Britain was joined by some Eastern European countries yesterday in backing Canada in its dirty fight to force the EU not to discriminate against the tar sands in the Fuel Quality Directive.

A meeting of European environment experts yesterday had been expected to vote on a proposal by the European Commission to give a different default value to the tar sand, but the vote has now been postponed until December, after Britain lobbied to delay the vote.

In the nineties, Britain was labelled the dirty man of Europe by green campaigners due to its appalling environmental record.

It is beginning to act like that again. Yesterday it was joined by Estonia, which has carbon-intensive oil shale, together with other Eastern Europe states, which are also heavily reliant on fossil fuels.

Ironically the British Prime Minister David Cameron had argued that his coalition government would be greenest ever. But as a leading article in the Independent newspaper today reveals, this argument has shown to be “hollow”. Indeed the British Climate Change Secretary, Chris Huhne, will attack his own Chancellor, George Osborne, later today for threatening to abandon the Government’s green pledges.

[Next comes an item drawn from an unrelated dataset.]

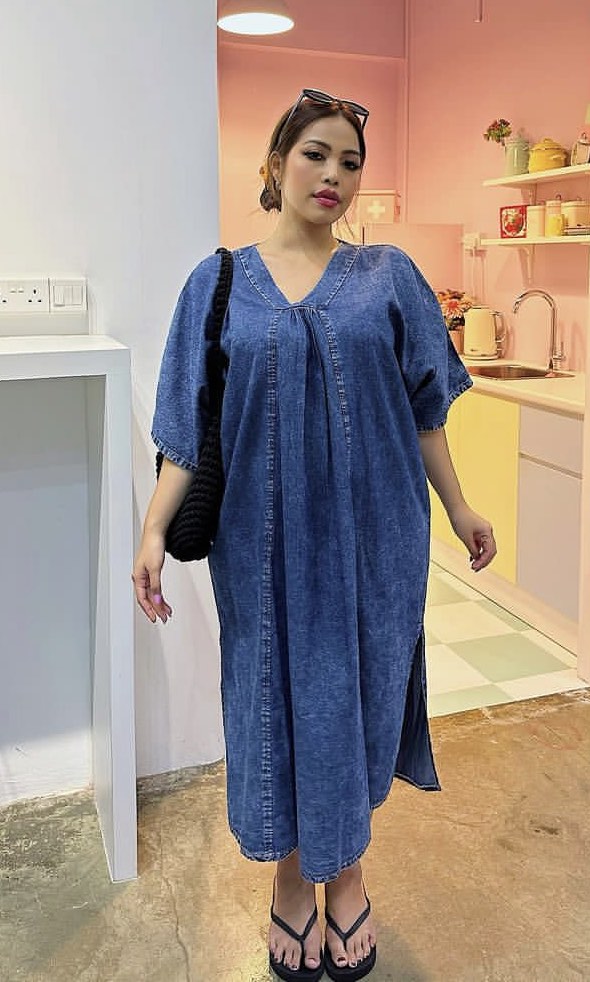 Alluring Denim Short Kaftan main image 1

“David Cameron’s claim to be the ‘greenest government’ lies in tatters after just 18 months,” argues the British shadow Energy and Climate Secretary, Caroline Flint. “From neutering the Green Investment Bank, to scrapping zero-carbon homes and undermining solar panels on schools, the Government’s old Tory ideas prevail at every turn. However green Chris Huhne tries to appear, we know that the true blues in Treasury undermine climate-change policies at every turn”.

And of course another way Britain is undermining the fight on climate change is backing the Canadians in their dirty fight to exploit the tar sands.

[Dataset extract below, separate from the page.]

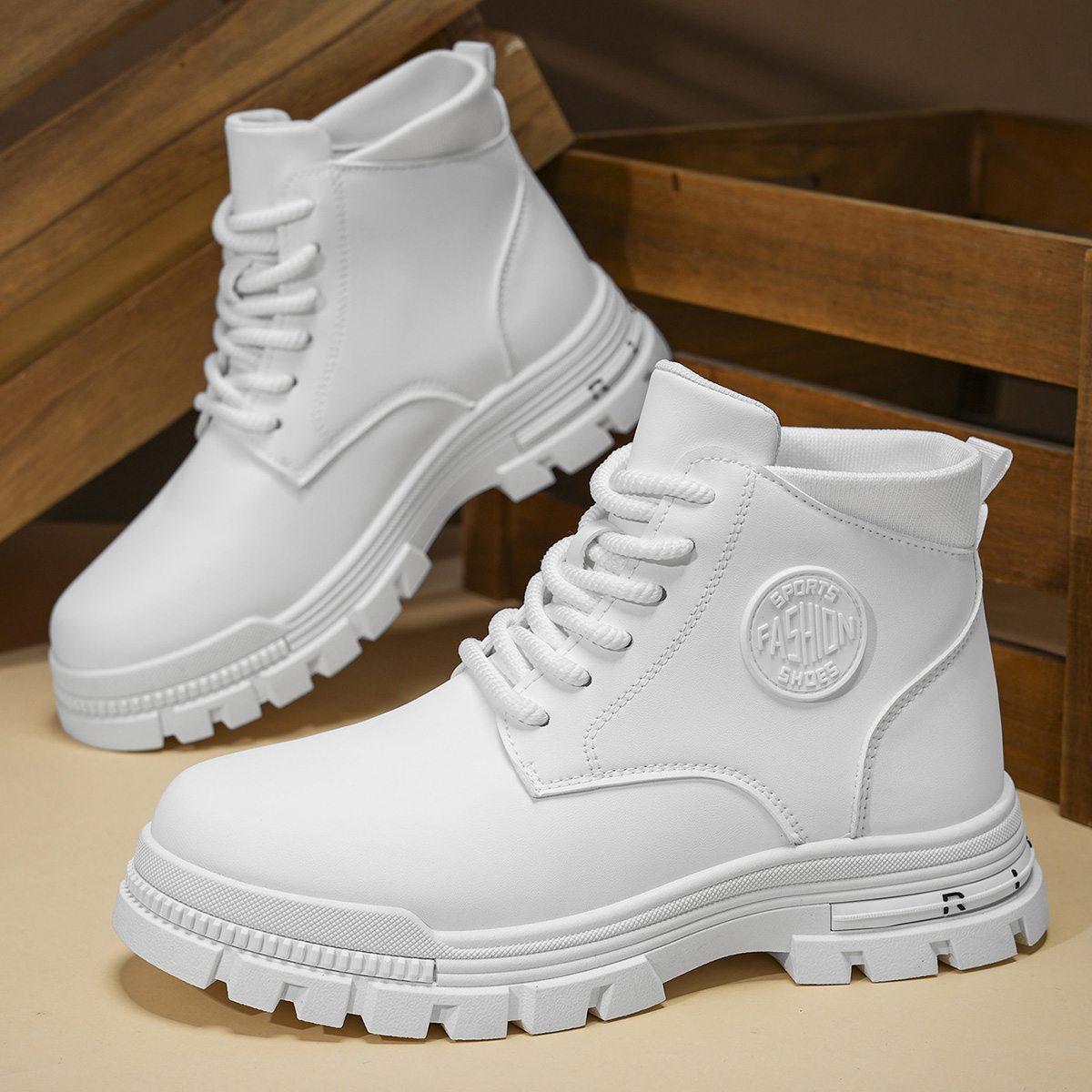 Fashion Men'S Boots - メンズファッション オールシーズン対応 ホワイト バイクブーツ 秋冬 アウトドア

Britain is now seeking a flawed compromise that would not “single out oil sand or oil shale.” – ie that does not discriminate against all the dirty fossil fuels. Britain has also suggested a new methodology that would require “a mechanism to track crude from source to supplier.”

This is quite clearly a delaying tactic  –  as a clear, concise methodology has already been comprehensively worked out.  The science is clear but Britain and Canada are acting like the tobacco industry in trying to argue that the science is not settled.

Last week, Canada’s Natural Resources Minister,  Joe Oliver announced that he had sent a letter to the EU’s Commissioner for Energy, Günther Oettinger, in which he stated that there was no credible scientific evidence to categorizes oil sands crude as a separate ‘feedstock.’

In doing so Oliver is deliberately ignoring the overwhelming scientific evidence that suggest otherwise.

It is what would be called undiplomatically, a blatant lie.